Temps agités pour certains éditeurs. La parution de La meute (le 7 mai chez Flammarion), enquête fouillée sur le fonctionnement interne de La France insoumise, a déclenché une vague de menaces et d'attaques personnelles contre ses auteurs, Charlotte Belaïch et Olivier Pérou. Les journalistes, qui décrivent dans leur ouvrage un climat de harcèlement et de purges au sein du parti, ont été violemment pris à partie sur les réseaux sociaux. Jean-Luc Mélenchon lui-même a qualifié les auteurs de « gens dégénérés » qui auraient « relu et réinventé » la vie privée des dirigeants de son parti.

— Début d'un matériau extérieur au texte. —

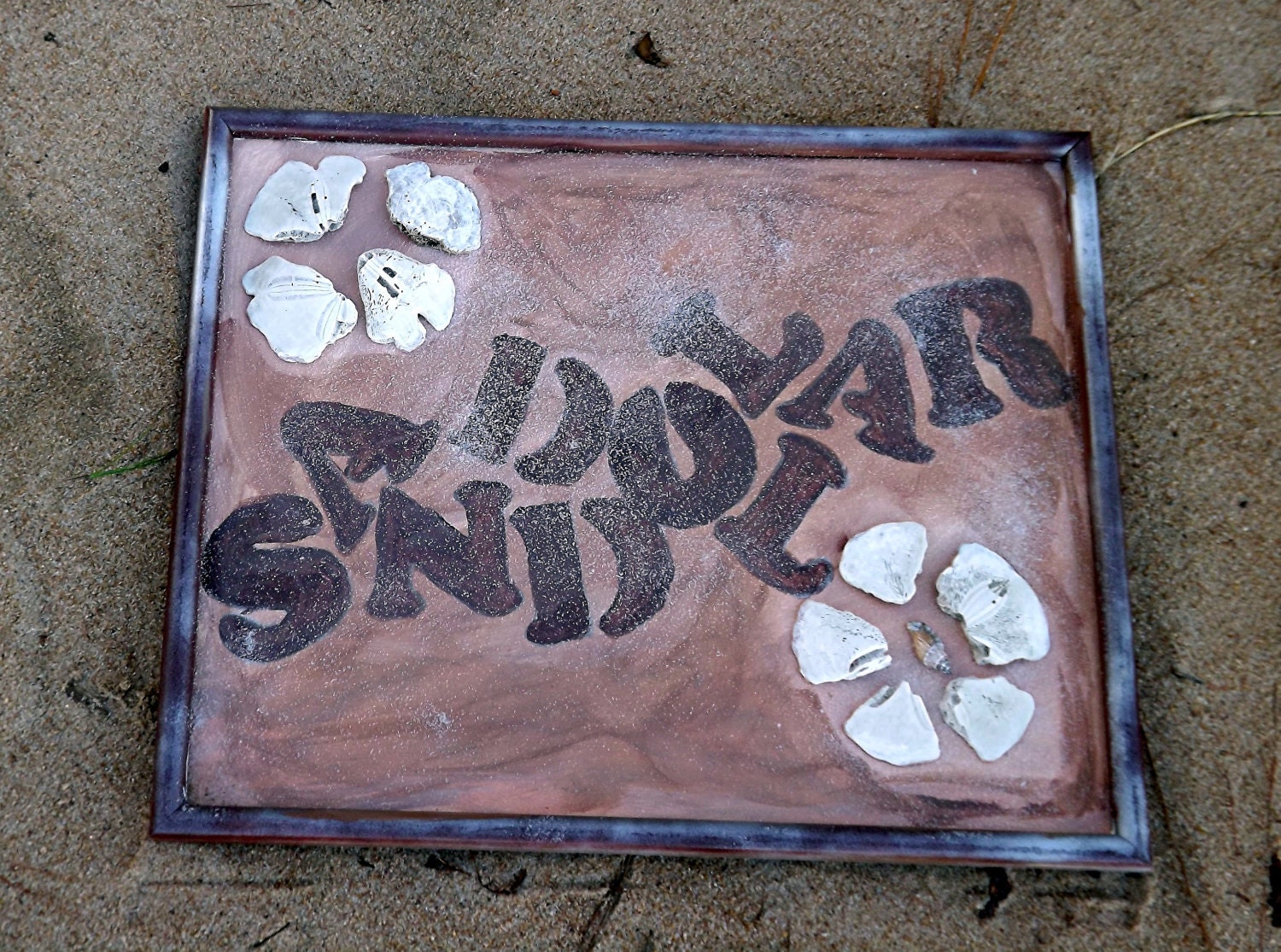 Handmade Sandollar Mixed Media Art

Des menaces et intimidations qui ont poussé Flammarion à publiquement soutenir ses auteurs. « Nous tenons à exprimer notre plein et entier soutien face aux attaques personnelles dont sont victimes les journalistes Charlotte Belaïch (Libération) et Olivier Pérou (Le Monde), notamment sur les réseaux sociaux », a écrit la maison d'édition dans un communiqué publié vendredi 23 mai. « Les attaques ad hominem à l'encontre de Charlotte Belaïch et Olivier Pérou sont inacceptables (...). Les journalistes et auteurs doivent pouvoir exercer leur métier sans crainte de menaces, d'intimidation ou de représailles », poursuit la maison d'édition qui indique être déjà en train de réimprimer le livre, par ailleurs actuellement en tête des ventes d'essais du top GFK/Livres Hebdo.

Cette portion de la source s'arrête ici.